L’imbarazzo è in parte attenuato dalla promessa di un altro arrivo, quello di Faramund, padre spirituale dell’assassinato che, in realtà, non è il vero sacerdote, ma lo stesso Oetsch travestito, intenzionato a smascherare il colpevole. L’omicida, alla fine, verrà fuori: è il barone Safferstatt, che ha ucciso per liberare la baronessa da un matrimonio infelice. Il suo atto lo indurrà al suicidio.
Più che la trama, però, ciò che conta sono le atmosfere create grazie alla scenografia del geniale Hermann Warm, che alternava scenari realistici a quadri espressionisti, e alla scrittura efficace di Carl Mayer, che con Murnau frammentò lo spazio per isolare i personaggi nel loro tormento interiore, e mostrare la totale assenza di rapporti interpersonali tra gli ospiti del castello, entità uniche e distinte, calate in un clima sospeso, angoscioso, paralizzante, carico di terrore.
Anche l’arrivo dell’“altro” rappresenta ciò che turba la quiete ma, allo stesso tempo, quell’elemento capace di svelare la menzogna e far trionfare la verità.
Non a caso, nel film, sorprende proprio la messa in scena, che a partire da una narrazione ordinaria, ricavata da un romanzo di Rudolf Stratz, è sconvolta proprio da codici secondari come la scenografia, la fotografia, la pittura; così come in questo spettacolo diventano indispensabili i Marlene Kuntz, capaci di creare quegli ambienti ipnotizzanti, trasognanti e irreali, tipici dei film di Murnau.
Resta, tuttavia, un’ulteriore domanda: a che si deve la scelta di un film degli anni ’20 dello scorso secolo e quali, se esistono, sono i parallelismi con la contemporaneità?
Santamaria sostiene che ci sono sempre analogie col passato, ma non azzarda confronti.
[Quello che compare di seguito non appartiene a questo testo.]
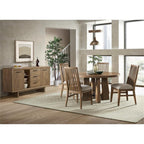 Intercon Landmark Side Chair with Slat Back, Webbed Seat with 4 Legs, Weathered Oak, Set of 2 Furniture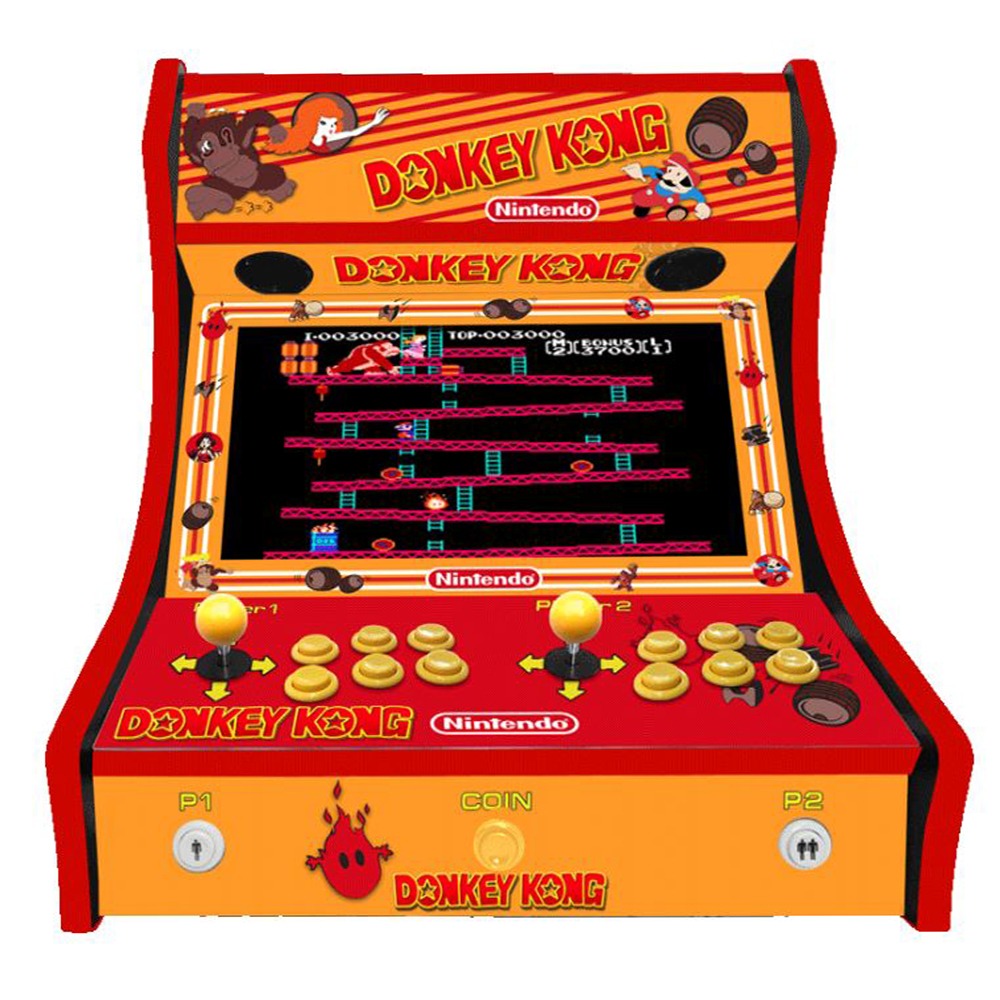 Donkey Kong v2 two-player Bartop arcade machine — straight front view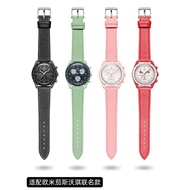Suitable for OMEGA Co-Branded SWATCH Planet Leather Watch Strap Men Women OMEGA SWATCH Planet Model 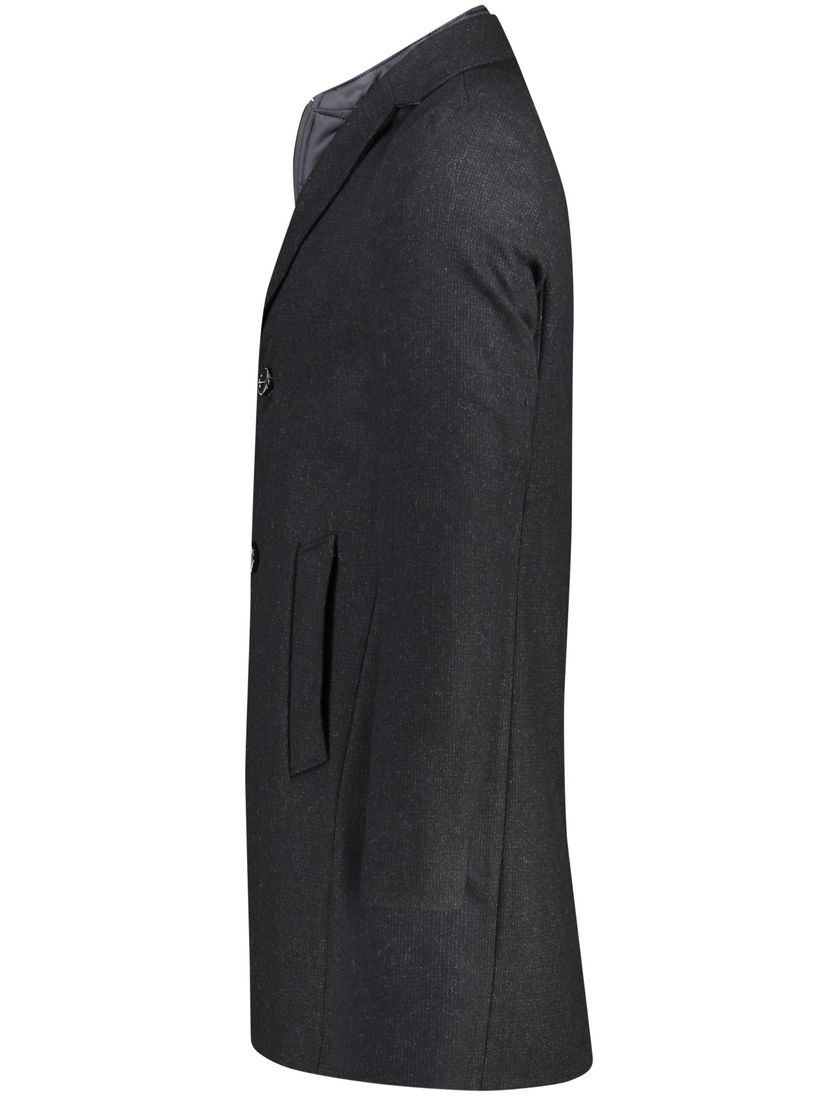 Portofino winterjas grijs uni halflang normale fit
Tuttavia, non si può non constatare quanto il contesto storico di quel periodo abbia determinato la psicologia dei personaggi e quanto serva ripercorrerlo per orientarsi nel flusso delle emozioni scaturite dal film.
Siamo nella fragile repubblica di Weimar, in un momento di grandi tensioni, conflitti economici e sociali, in cui la Germania, umiliata nella Prima guerra mondiale, vive un profondo sconvolgimento, che si riflette nell’inconscio collettivo.
L’incomunicabilità, l’isolamento, la coscienza di un’esistenza illusoria e caduca sono i temi che interessano gli artisti dell’epoca.
Ebbene, quella moltitudine atomizzata che descrive Murnau assomiglia un po’ alla nostra, a quella che appare come una democrazia tradita e che nella psiche delle masse suscita l’odio, ben indirizzato dall’alto, verso i più sfruttati.
Si comincia a odiare l’ebreo accanto che ha un negozio concorrente, così come si comincia a odiare il migrante che ci ruba il lavoro. Santamaria dichiara di amare soprattutto Aurora, altro grande film del regista tedesco, sottolineandone l’attualità universale, e forse è meglio sperare con lui che sia l’Aurora a prevalere piuttosto che il buio della ragione.